Decentralized hosting networks such as the Interplanetary File System (IPFS) use cryptocurrencies to pay users who provide storage space to the network. IPFS hosts files in exchange for filecoins, which are distributed to users who offer the network storage space on their computers. The protocol hosts speech across a distributed array of servers, it isn’t controlled by any central authority. However, if each transfer of filecoins in this process makes the facilitator a broker, taking part in the IPFS network will become administratively burdensome. While intended as a revenue generation provision, expanding the definition of a cryptocurrency broker will make it more difficult to compete with “big tech.”
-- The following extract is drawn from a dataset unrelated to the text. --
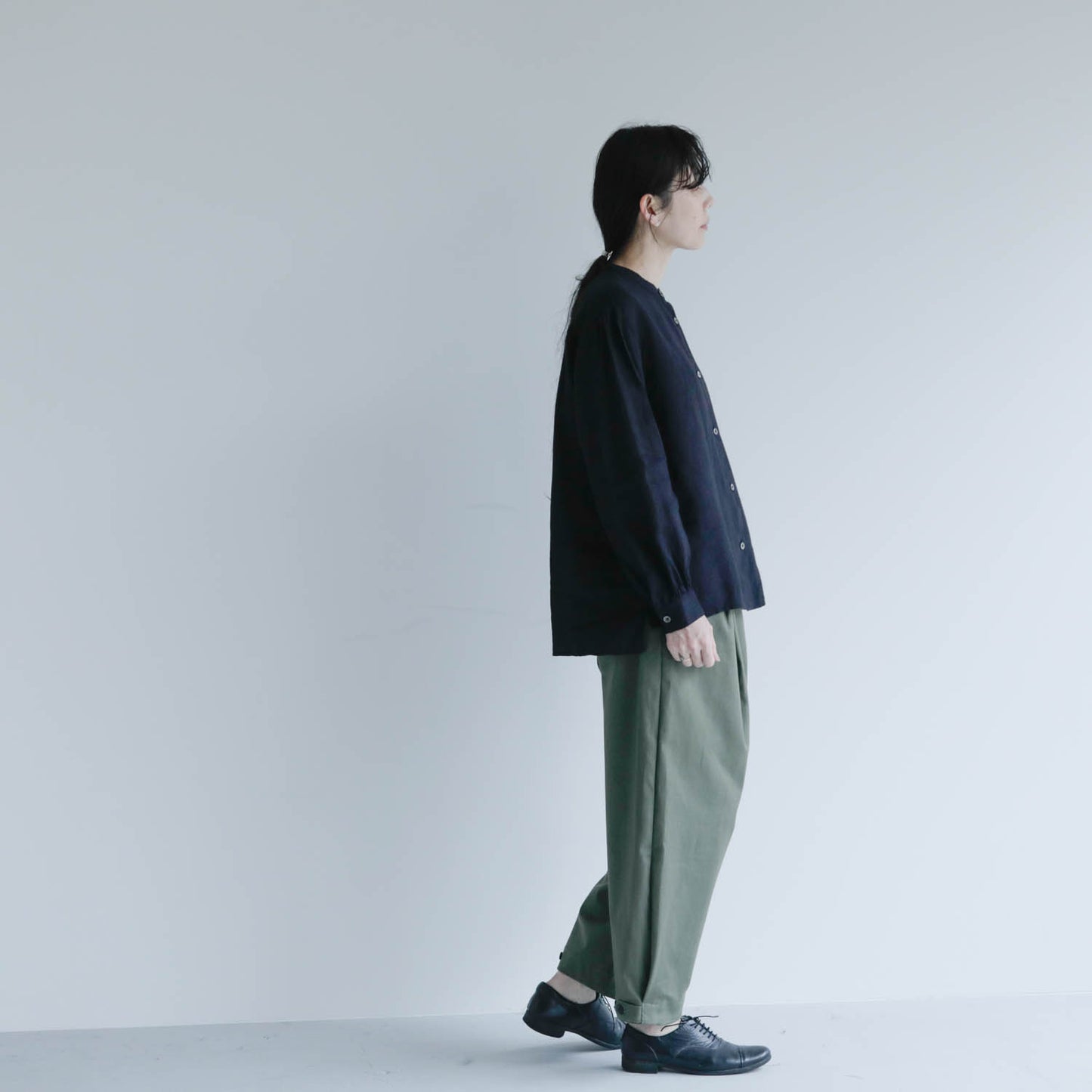 SALUÉ／バンドカラーギャザーシャツ／ライトウェイトリネン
Thankfully, Senators Ron Wyden (D‑OR), Cynthia Lummis (R‑WY), and Pat Toomey (R‑PA) have proposed an amendment that would limit the definition of brokers to actual brokers, such as Robinhood or Coinbase. Their amendment specifically excludes “developing digital assets,” providing cryptocurrency wallets, and “validating distributed ledger transactions,” (mining) from the broker definition. This remedy received an initial endorsement from Sen. Rob Portman (R‑OH), author of the initial cryptocurrency reporting provision.
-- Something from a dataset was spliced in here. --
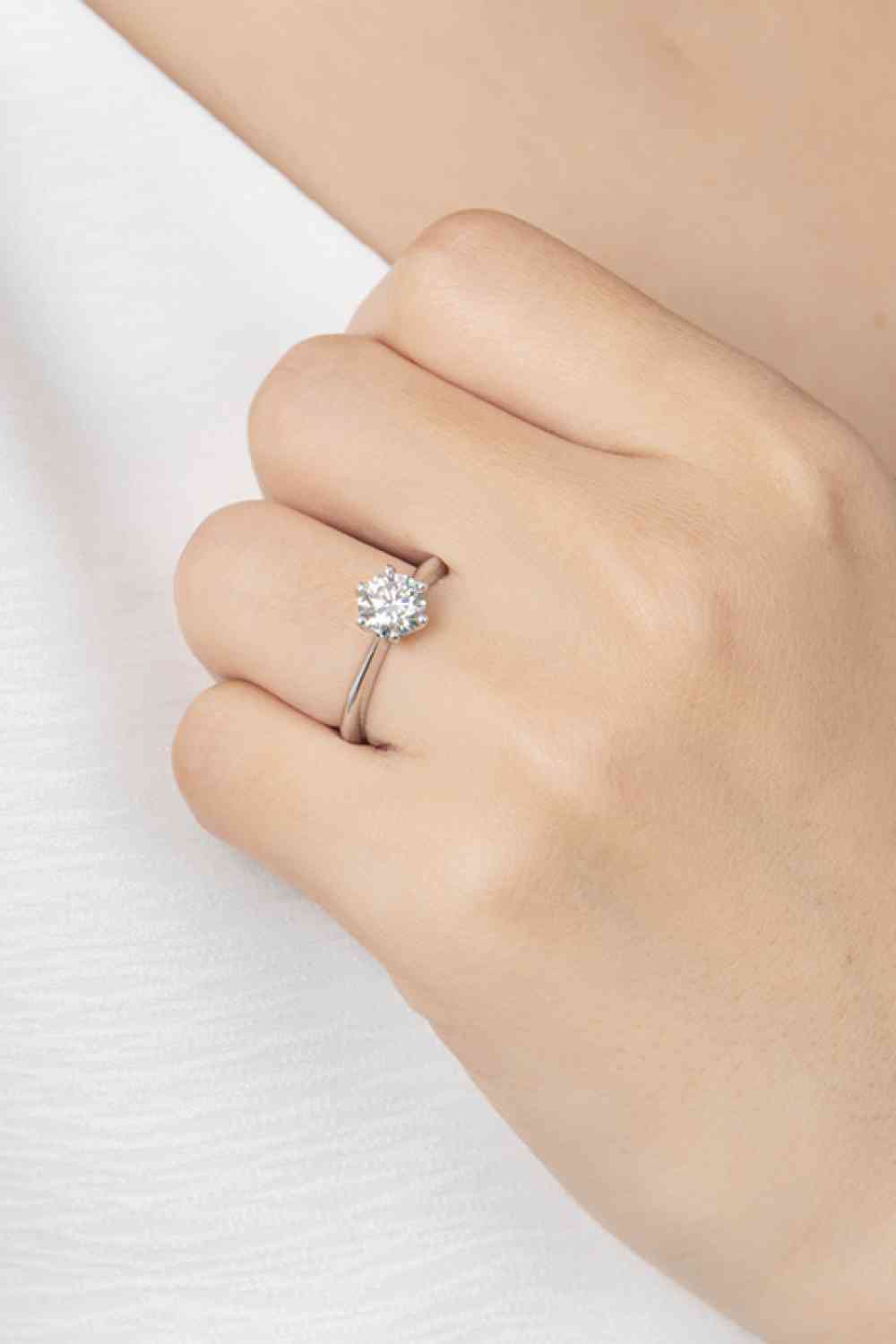 Wonderful Life 1 Carat Moissanite Ring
The Wyden/​Lummis/​Toomey amendment was set to receive a vote on Thursday, but its consideration was interrupted by the introduction of a comparatively more limited amendment by Senators Mark Warner (D‑VA,) Kyrsten Sinema (D‑AZ), and a quickly shifting Rob Portman. This alternative amendment would only protect some wallet providers and miners using proof-of-work validation schemes, which are more energy intensive than proof-of-stake systems. Proof-of-work systems requires computers to solve complicated math problems to verify transactions, proof-of-stake merely needs users willing to provide collateral. The Ethereum blockchain’s environmentally friendly move to a proof-of-stake system would be punished by the Warner amendment. The Amendment would, without any justification, privilege proof-of-work-over proof-of-stake in American law.

Both amendments are now likely to receive a vote on Saturday. The outcome could have a dramatic effect on the viability blockchain-based alternatives to established social media platforms. Comparing the two amendments, Sen. Lummis writes “Our amendment protects miners as well as hardware and software developers. The other does not. The choice is clear.”